The 2011 Super Outbreak hit Alabama hardest. The lives of 243 people were lost in the state.
The tornadoes of 2011 did more than shatter homes and break hearts. Meteorological records were smashed, too.
The powerful tornado that tore through Joplin, Missouri, in 2011 turned thousands of homes into piles of trash.
Tornado expert Erik Rasmussen explains the importance of VORTEX-SE to reporters.
To be fair, VORTEX2 didn’t study tornadoes where the 2011 Super Outbreak happened. “VORTEX2 was very focused on the Central Great Plains region of the United States,” says Robin. “And for good reason. That’s where most tornadoes happen.” But the Great Plains isn’t where most killer tornadoes happen. They happen in Dixie Alley.

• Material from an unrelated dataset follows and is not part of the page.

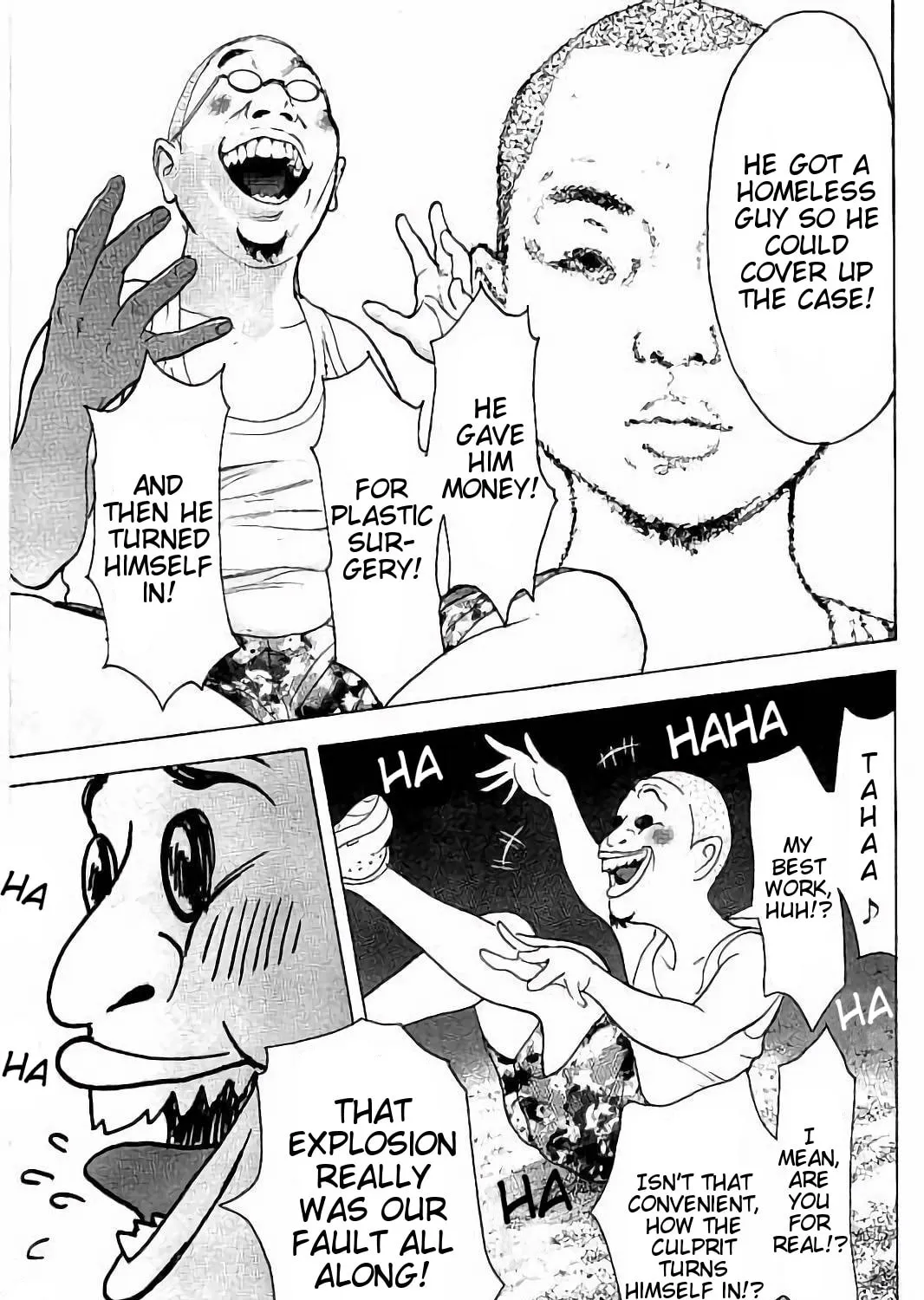 Bokutachi ga Yarimashita Chapter 43 page 33 -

In an average year, seven people die because of tornadoes in Oklahoma. In comparison, Alabama and Tennessee average thirty-eight deaths. That’s nearly five and a half times as many fatalities for similarly sized regions.
The higher death toll is partly because more people live in Tennessee and Alabama than in Oklahoma. But the numbers still work out to twice as many tornado deaths per capita in those Dixie Alley states.

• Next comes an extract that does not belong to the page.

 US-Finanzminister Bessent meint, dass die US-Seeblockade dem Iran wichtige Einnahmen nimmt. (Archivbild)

Why do Dixie Alley’s twisters cause so much misery and mess? What’s different and so difficult about tornado tracking down South? Meteorologists aren’t the only ones wondering. Government officials want answers, too. It’s why VORTEX Southeast (SE) was created.
The mission of VORTEX-SE is to save lives through science and educate the public on how to stay safe. “Once we’ve learned about the storms, how they move and behave,” Robin explains, “we need to figure out how people receive information and what affects their perception of how urgent or dangerous a situation is.”
Knowledge doesn’t help anyone unless it’s put to use. “It’s not all meteorology,” adds Robin. It’s understanding how people live, get information, and make decisions.
Heading up VORTEX-SE is Erik Rasmussen. He’s studied tornadoes for the National Severe Storms Laboratory for more than twenty-five years. “This is the first VORTEX experiment to focus on tornado hazards as a whole,” he says. “From the storms and conditions that produce tornadoes; to forecasting, detection, and warning; to the way communities and individuals receive and respond to those warnings.”
Unlike the flat, wide-open Great Plains, the Southeast is hilly and covered in trees. Roads wind through hollows and wrap around ridges. Valley walls can act like a wind tunnel, shuttling wild wind gusts coming off a tornado down the valley ahead of the actual twister. Southern terrain likely affects tornadoes, says Erik. “But it also means you can’t see a tornado until it’s just a few seconds away from you. Which is a huge problem in trying to get to shelter.” Especially for those living in mobile homes. These less sturdy houses are more common in the warm South.
“Not only do people not see it coming,” agrees Robin, “but a lot of times they’re in bed asleep.”
Catching people off guard and unprepared is why nighttime tornadoes are more likely to kill. “Twenty-seven percent of tornadoes happen at night. But they’re responsible for about thirty-nine percent of fatalities,” says Robin.
Southern twisters aren’t just springtime events either. Twisters touch down in winter there, too. Another reason they sometimes surprise folks.
Everything that makes southern tornadoes hard to spot makes them hard to study. It’s not like the VORTEX experiments of the Great Plains, Erik says. “We could see those storms for thirty or forty miles [48–64 km] as they came at us. It was easy to set up instruments and make observations.”
VORTEX-SE has to work differently. “In the southeastern US, with all the low clouds, haze, fog, trees and hills, it’s going to be impossible to chase storms and catch tornadoes,” Erik adds. Instead, they plan to set up a storm-snagging net of radar trucks, instruments, and scientists, “and just let the storms come at us and observe them as they move through.”
Would it work? There was only one way to find out. Next stop: Huntsville, Alabama.